Description of the task: Repeat exactly the lines below, from the line containing "超高速！SoftBank光10ギガをお申込みで合計最大71,680円還元" through the last line, both included. Leave out any pictures.

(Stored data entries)
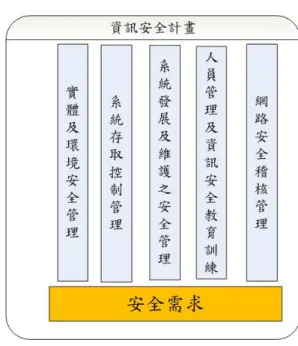 圖 3.1.1  環境奈米科技平台的資訊安全計畫架構圖  1.  實體及環境安全管理  系統伺服主機、設備安置於環保署主機房，並由本團隊的委外專業廠商，遵 循環保署的資訊安全政策及資訊安全管理規範等相關規定，配合監資處進行例 行性和不定期的檢測作業。  2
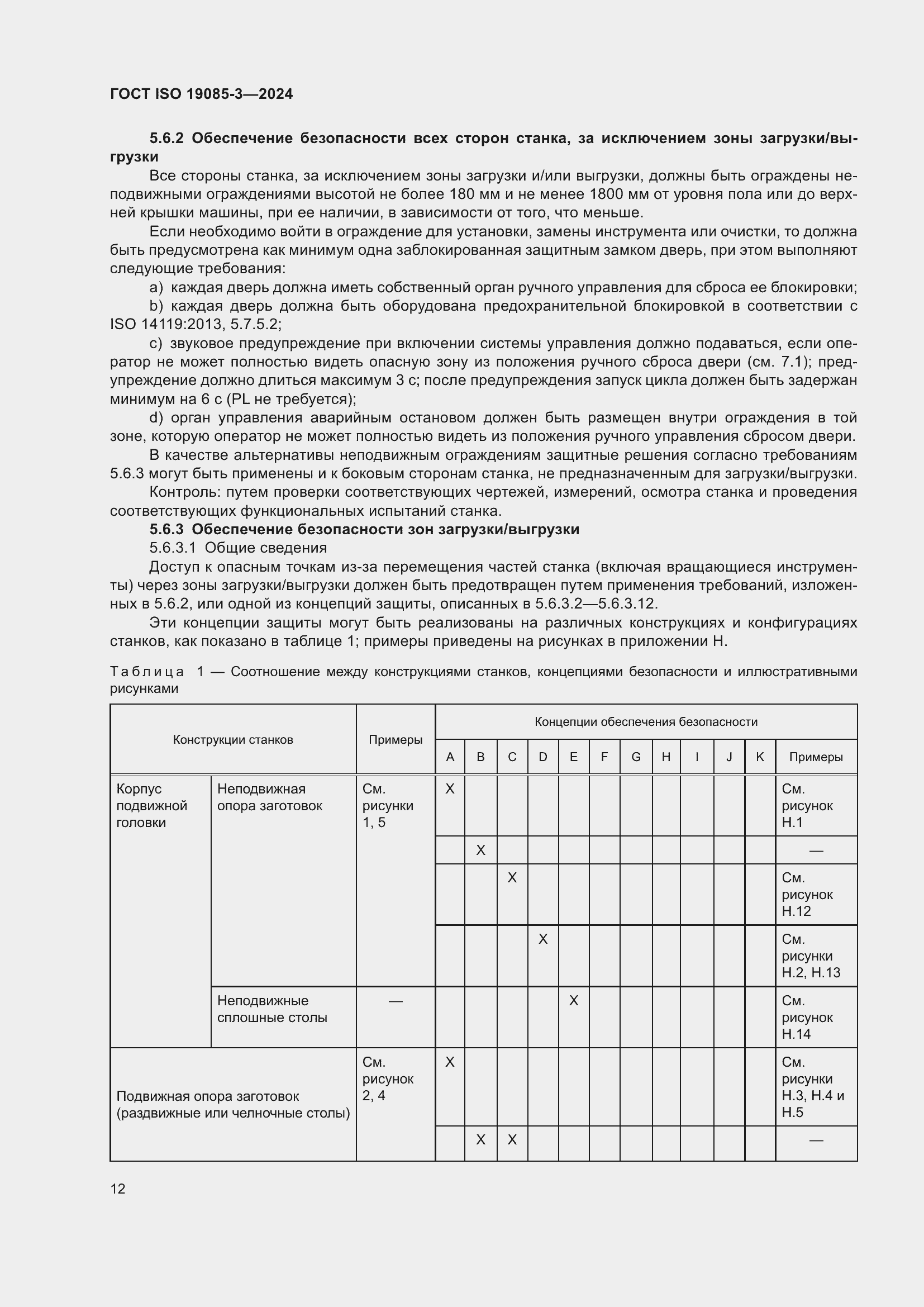 ���� ISO 19085-3-2024. �������� 18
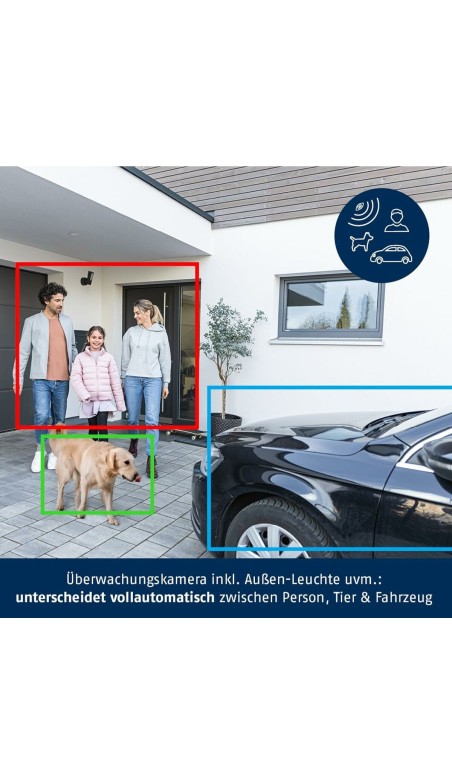 Beveiligingscamera ABUS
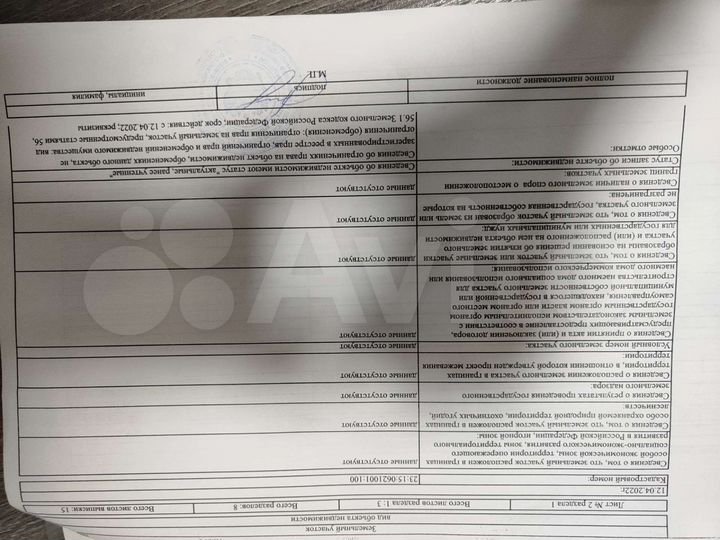 Участок 9 сот. (СНТ, ДНП)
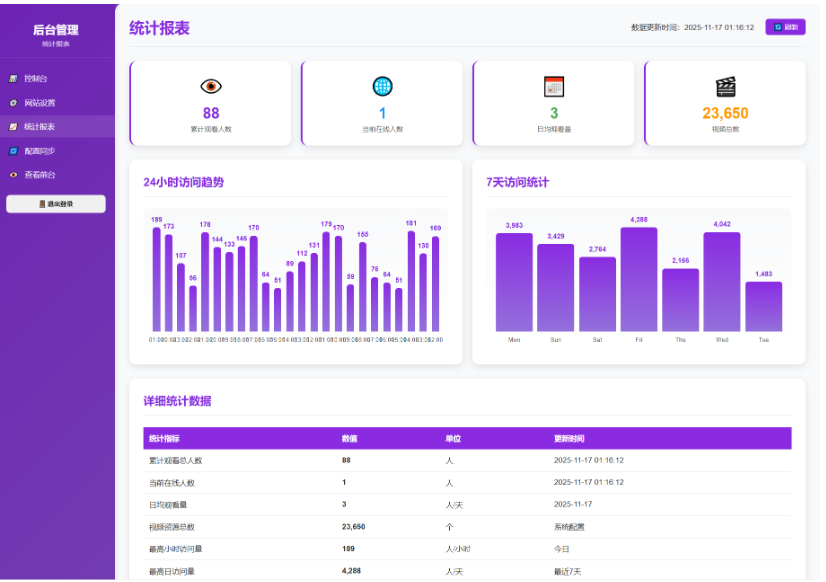 图片[4]-2026年随机美女热舞全新UI带后台版4.0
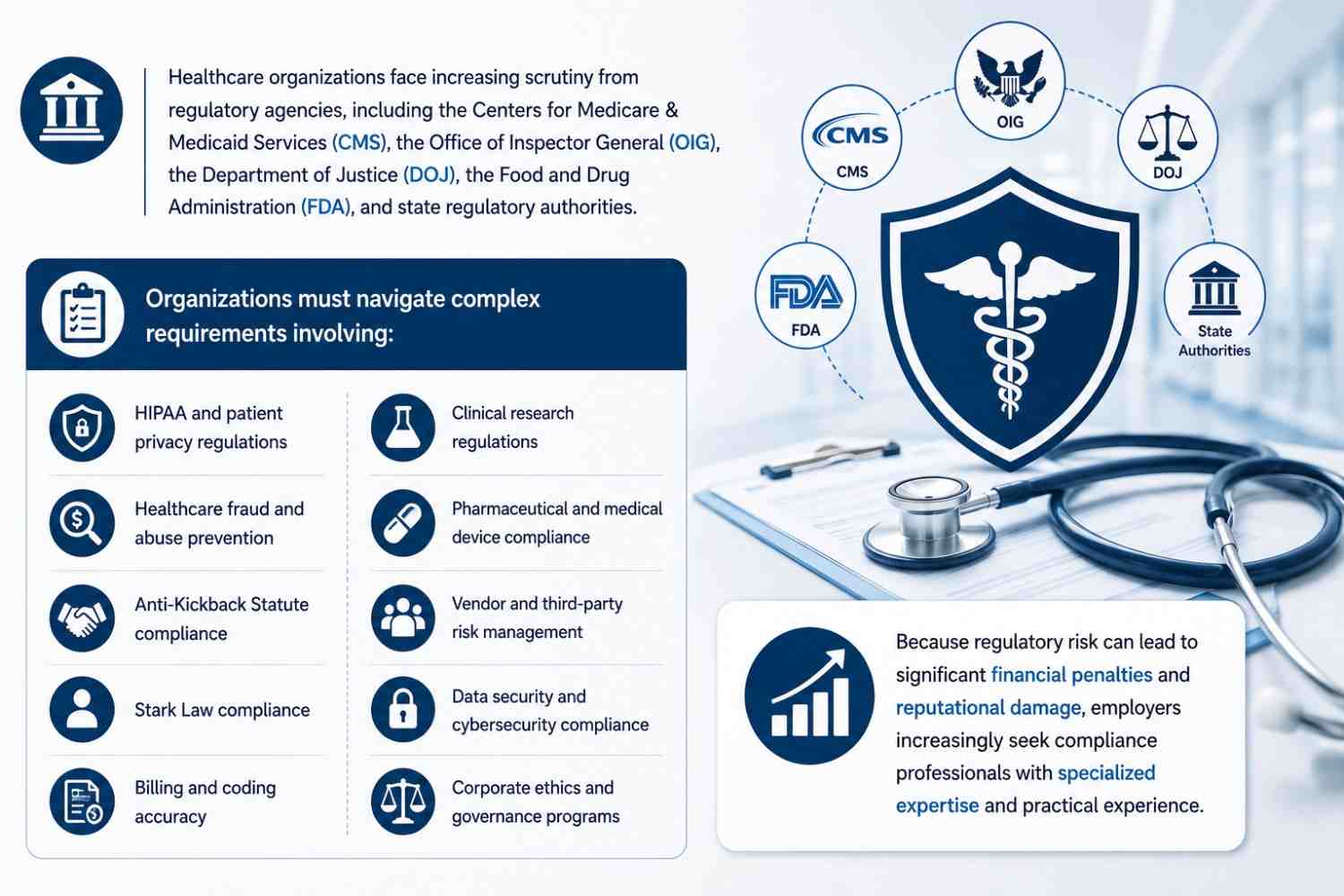 Healthcare Compliance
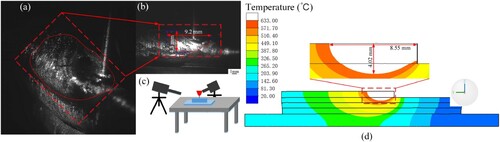 Figure 15. Verification of molten pool morphology (a) (b) Molten pool morphology captured by high-speed camera, (c) Shooting Angle, (d) size of heat source in deposition model.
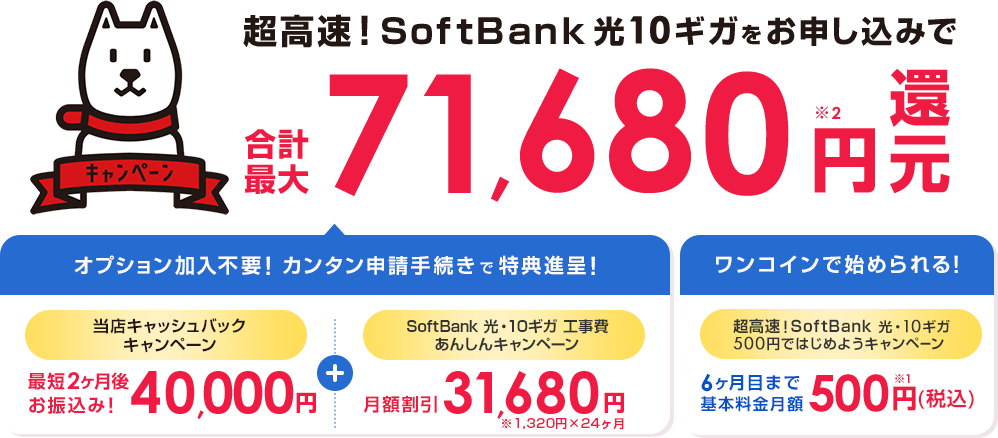 超高速！SoftBank光10ギガをお申込みで合計最大71,680円還元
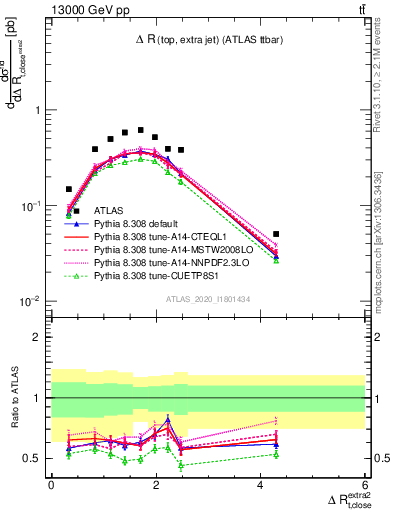 Plot of ejtop.dR in 13000 GeV pp collisions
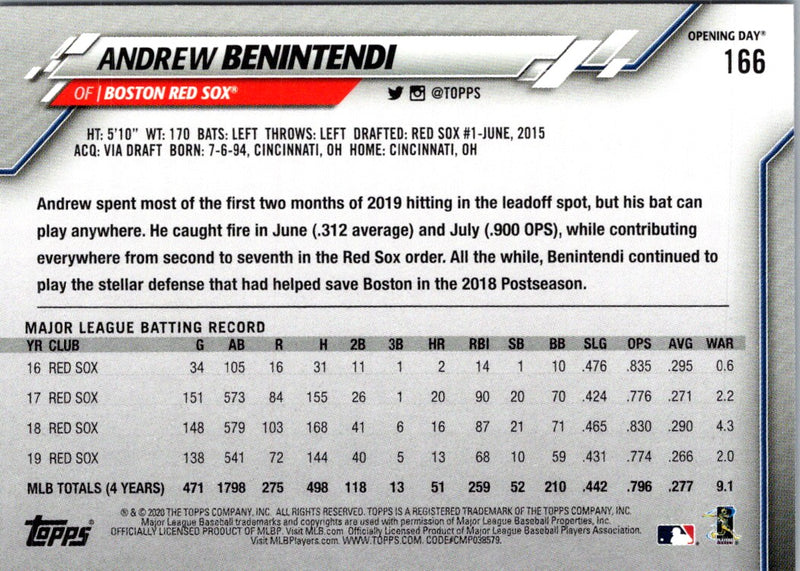 2020 Topps Opening Day Andrew Benintendi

Solution below:
 超高速！SoftBank光10ギガをお申込みで合計最大71,680円還元
 Plot of ejtop.dR in 13000 GeV pp collisions
 2020 Topps Opening Day Andrew Benintendi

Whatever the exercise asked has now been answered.